BCM 241

To Photograph, or Not to Photograph

The subject of public photography is something that I have thought about for many years. Ever since I was little, I’ve understood the public need to know everything possible about celebrities: what they’re doing, where they’re going, and what their latest style is. To get this information however, there is often an invasion of privacy that celebrities, which is not something that I agree with. Despite my ethical standing that celebrities shouldn’t have their privacy invaded for media usage, I have been known to snap the occasional sneaky picture of someone in passing for the group chat.

In Australia, there are “no publicity or personality rights in Australia, and there is no right to privacy that protects a person’s image” (Arts Law Centre of Australia n.d.). This means that street photography is not against the law, however it can be ethically questionable.

This idea is corroborated by Colberg (2013), whose philosophy on street photography is that “it would be impractical to ask every person in the frame whether they’re OK with a picture. That said, if someone clearly does not want to be photographed or if they are for their photo to be deleted after the fact, then I do think those wishes have to be respected.”

In an attempt at street photography, I did take a photo of the people sat around me on the train this week to send to my friend on Facebook Messenger to show where I was. However, because I didn’t ask any of them for permission to post it on my blog, I will instead describe the picture because I feel as though I have intruded on their lives.

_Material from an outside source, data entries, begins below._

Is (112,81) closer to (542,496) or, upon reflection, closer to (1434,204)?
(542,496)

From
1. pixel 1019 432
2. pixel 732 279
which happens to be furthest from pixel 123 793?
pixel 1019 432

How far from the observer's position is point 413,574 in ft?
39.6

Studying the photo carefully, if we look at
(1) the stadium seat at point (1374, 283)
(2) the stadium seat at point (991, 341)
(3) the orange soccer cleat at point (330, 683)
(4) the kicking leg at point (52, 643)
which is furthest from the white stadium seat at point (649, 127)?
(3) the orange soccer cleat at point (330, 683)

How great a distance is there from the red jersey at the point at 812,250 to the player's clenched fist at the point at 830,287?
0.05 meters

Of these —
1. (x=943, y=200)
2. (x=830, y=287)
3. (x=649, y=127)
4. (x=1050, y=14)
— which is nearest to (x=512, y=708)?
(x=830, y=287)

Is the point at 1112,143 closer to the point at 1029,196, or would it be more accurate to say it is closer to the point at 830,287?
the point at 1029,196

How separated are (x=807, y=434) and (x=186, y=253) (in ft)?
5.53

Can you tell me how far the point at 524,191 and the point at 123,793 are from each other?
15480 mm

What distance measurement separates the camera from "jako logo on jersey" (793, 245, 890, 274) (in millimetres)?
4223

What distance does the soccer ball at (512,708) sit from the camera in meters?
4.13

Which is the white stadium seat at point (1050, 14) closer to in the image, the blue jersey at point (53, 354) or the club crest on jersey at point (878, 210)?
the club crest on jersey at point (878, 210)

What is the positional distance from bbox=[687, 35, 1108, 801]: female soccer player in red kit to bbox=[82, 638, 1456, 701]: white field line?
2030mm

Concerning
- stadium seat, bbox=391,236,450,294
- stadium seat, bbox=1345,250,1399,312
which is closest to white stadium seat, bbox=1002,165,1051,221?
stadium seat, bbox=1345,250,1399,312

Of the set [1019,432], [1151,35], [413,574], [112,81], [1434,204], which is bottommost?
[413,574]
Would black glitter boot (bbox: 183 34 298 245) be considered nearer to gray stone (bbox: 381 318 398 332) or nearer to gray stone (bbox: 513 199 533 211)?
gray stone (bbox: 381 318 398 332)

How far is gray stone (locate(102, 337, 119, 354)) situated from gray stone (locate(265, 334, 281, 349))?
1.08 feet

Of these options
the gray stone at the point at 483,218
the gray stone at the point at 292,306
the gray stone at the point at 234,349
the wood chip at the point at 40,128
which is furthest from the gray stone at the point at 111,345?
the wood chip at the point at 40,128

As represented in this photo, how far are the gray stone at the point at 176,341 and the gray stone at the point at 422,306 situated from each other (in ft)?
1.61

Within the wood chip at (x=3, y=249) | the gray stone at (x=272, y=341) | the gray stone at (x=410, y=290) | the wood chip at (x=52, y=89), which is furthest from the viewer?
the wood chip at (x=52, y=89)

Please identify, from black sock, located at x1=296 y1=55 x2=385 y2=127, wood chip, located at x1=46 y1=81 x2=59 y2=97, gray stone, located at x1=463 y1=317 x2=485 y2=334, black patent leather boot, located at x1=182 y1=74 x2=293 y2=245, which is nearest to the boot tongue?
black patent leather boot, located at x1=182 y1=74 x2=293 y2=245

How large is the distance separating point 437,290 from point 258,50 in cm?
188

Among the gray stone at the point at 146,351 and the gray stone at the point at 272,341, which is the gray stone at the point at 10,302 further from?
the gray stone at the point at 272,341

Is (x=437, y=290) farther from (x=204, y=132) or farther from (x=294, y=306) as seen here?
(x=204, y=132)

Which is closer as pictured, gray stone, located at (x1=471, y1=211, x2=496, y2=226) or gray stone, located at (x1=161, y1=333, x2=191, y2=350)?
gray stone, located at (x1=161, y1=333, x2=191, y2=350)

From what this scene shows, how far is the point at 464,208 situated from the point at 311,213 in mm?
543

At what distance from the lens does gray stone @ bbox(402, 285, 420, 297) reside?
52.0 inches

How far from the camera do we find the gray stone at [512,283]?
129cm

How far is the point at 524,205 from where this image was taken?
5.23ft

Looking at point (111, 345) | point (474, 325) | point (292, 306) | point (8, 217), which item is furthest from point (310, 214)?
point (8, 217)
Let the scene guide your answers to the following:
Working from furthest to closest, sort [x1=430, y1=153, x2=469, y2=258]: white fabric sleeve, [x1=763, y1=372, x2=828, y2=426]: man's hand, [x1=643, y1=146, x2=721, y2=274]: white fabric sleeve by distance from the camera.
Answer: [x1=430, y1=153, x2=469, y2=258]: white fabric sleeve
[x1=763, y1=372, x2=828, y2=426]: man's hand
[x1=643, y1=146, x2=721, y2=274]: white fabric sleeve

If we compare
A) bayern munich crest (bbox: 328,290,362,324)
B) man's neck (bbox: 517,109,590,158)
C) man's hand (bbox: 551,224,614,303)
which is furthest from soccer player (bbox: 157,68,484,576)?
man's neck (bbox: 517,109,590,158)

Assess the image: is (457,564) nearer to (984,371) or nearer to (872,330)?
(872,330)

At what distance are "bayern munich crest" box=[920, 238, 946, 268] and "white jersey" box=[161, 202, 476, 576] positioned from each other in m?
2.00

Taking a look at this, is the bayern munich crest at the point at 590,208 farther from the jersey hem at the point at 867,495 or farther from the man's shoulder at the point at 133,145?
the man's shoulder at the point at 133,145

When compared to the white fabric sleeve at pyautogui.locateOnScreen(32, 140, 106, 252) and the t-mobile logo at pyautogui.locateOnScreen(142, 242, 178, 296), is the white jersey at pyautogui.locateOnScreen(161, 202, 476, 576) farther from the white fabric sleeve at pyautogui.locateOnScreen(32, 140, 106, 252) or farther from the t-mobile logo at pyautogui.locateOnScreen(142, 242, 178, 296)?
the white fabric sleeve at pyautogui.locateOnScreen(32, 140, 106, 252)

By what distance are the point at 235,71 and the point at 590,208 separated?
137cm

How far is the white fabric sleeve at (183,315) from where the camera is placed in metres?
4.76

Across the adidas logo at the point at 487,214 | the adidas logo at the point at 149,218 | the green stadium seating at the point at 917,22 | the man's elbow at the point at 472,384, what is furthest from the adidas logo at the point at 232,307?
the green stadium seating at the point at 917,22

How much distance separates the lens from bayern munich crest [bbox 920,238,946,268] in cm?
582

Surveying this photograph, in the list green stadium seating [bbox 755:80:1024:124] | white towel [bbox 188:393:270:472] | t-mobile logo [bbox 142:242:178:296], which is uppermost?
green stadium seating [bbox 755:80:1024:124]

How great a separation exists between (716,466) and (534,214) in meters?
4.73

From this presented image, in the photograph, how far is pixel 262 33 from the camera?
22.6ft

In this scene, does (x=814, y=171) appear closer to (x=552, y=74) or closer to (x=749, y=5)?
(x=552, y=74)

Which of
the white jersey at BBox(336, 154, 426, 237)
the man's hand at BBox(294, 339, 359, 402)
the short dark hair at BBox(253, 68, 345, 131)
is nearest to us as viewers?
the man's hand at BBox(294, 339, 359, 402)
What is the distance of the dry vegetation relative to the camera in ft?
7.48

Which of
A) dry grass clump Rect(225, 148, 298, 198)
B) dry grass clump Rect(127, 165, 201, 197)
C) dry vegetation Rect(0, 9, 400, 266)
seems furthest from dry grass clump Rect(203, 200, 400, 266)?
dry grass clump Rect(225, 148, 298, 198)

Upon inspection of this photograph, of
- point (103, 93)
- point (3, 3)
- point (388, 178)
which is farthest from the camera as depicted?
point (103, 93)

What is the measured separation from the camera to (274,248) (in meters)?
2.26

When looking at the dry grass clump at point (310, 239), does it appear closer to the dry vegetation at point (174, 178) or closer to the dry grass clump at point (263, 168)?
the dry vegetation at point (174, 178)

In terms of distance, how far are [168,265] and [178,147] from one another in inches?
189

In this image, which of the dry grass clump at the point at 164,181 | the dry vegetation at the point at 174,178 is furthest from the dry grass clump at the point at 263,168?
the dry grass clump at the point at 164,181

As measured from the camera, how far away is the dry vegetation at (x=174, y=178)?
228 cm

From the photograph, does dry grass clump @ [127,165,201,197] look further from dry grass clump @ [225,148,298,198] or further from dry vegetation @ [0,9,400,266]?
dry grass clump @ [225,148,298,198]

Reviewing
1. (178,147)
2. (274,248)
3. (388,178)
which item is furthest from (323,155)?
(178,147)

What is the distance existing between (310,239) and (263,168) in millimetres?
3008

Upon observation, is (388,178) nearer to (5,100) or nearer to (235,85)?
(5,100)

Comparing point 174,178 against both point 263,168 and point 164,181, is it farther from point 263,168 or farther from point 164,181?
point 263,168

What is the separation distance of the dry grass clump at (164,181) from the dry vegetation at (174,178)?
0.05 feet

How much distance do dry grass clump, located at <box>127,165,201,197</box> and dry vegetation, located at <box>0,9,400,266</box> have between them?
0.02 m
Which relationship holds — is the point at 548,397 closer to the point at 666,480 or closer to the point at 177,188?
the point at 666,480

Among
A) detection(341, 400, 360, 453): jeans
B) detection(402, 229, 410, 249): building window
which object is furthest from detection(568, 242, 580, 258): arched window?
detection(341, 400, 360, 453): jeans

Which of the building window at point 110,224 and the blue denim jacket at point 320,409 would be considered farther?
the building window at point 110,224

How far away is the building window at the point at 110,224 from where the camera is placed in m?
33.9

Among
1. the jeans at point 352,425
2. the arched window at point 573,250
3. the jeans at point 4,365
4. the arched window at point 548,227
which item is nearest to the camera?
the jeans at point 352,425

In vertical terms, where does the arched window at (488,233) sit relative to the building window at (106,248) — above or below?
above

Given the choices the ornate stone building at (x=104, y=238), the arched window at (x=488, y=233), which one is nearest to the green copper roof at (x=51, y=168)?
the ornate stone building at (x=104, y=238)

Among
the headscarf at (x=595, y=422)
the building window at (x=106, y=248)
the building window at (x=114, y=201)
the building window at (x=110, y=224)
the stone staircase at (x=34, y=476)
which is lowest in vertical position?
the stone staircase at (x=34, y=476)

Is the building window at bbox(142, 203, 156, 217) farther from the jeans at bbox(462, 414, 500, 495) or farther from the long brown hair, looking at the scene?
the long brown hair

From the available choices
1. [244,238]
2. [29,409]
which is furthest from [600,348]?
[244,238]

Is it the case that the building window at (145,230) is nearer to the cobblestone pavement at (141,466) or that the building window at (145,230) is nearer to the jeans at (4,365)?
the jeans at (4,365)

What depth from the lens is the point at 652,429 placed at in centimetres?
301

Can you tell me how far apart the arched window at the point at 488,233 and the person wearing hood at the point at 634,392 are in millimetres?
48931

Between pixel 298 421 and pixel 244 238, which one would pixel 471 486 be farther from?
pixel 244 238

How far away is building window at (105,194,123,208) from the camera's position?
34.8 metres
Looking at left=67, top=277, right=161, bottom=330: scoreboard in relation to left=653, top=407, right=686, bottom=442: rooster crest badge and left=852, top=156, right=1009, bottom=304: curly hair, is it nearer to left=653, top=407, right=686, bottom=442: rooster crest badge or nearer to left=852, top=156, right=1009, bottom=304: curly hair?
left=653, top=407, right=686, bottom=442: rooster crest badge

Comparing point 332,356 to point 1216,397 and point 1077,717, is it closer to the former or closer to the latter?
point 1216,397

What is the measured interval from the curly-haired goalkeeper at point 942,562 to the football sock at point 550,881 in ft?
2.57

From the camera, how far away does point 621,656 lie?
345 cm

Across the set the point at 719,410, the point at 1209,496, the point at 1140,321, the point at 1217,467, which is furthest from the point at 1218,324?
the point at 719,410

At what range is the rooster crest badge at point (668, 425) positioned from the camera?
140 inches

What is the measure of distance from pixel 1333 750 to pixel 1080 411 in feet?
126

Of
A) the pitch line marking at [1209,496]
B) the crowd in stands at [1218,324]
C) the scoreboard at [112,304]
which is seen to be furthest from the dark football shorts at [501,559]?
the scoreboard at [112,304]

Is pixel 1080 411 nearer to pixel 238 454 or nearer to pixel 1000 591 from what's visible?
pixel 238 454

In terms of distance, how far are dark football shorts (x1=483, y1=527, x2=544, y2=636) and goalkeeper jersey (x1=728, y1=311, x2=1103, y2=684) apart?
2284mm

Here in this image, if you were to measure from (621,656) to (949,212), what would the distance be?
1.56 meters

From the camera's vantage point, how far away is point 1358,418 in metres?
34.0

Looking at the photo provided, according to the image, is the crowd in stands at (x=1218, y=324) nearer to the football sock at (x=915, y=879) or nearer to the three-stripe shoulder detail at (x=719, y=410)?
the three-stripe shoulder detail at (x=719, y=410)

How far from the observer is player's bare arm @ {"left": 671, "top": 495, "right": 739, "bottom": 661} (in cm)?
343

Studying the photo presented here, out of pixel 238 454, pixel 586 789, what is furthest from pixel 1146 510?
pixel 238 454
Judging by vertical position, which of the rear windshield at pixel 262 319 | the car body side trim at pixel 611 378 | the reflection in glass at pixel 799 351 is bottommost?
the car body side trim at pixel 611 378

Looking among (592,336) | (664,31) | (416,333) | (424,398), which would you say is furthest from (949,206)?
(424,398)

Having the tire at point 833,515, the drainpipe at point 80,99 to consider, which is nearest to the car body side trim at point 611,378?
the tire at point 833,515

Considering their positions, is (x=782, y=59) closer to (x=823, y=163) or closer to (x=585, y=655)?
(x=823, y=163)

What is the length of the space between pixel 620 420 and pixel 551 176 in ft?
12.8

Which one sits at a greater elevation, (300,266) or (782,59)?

There are 4 people visible in the photo, 3 women and 1 man, all of whom are using a mobile phone. None of them knew each other as they all arrived at different times, and so 3 of them have headphones in despite being sat next to each other. These people would appear to be listening to music, while the lady without headphones looks to be playing a game, typing a message, or reading a book.

The way I took the photo shows that I was trying to take a picture without anyone knowing what I was doing, as I tried to cover my actions to avoid people approaching me or noticing that I was taking a picture. The people in the picture probably would not appreciate their picture being taken without their consent, or shared with my friend, but I don’t believe this action is likely to cause any harm to those involved. Neither myself or my friend would have any reason to share this picture with anyone else, and as I have not posted it here I don’t think that it will be seen by other people. Therefore, ethically, I believe sharing this description will not cause any harm.

Had I asked for permission to use this photograph, I would’ve taken the picture first and then approached each person to explain what I had done and why. If there had been any objections I would’ve asked if I could blur their face out or deleted the photo and hoped for another opportunity.

In regard to public spaces ethnography, I think that I would’ve made a better contribution if I had asked for permission to post the photo. The photo is a prime example of private media usage in a public space, but my ethical considerations meant that I couldn’t contribute properly.

Public space ethnography can be useful for those outside the media industry, as it can be used as a way of designing public spaces for better use. Johnston (2013) notes, “understanding the ways in which we interact with space, or how the process of production space affects design and therefore the use of it, can allow for a better process as well as product for future development” (p.3). If we were to take this idea on board, we could create public spaces that were private media friendly and that could encourage people to interact with the space more frequently.

 


References

Arts Law Centre of Australia n.d., Street photographer’s rights, Arts Law Centre of Australia, accessed 2 September 2017, <https://www.artslaw.com.au/info-sheets/info-sheet/street-photographers-rights/#headingh218&gt;.

Colberg, J. 2013, The ethics of street photography, Conscientious Extended, weblog post, April 3, accessed 2 September 2017, <http://jmcolberg.com/weblog/extended/archives/the_ethics_of_street_photography/&gt;.

Johnston, K. L. 2013, ‘Public space and urban life: a spatial ethnography of a Portland plaza’, Masters thesis, Urban Studies, Portland State University.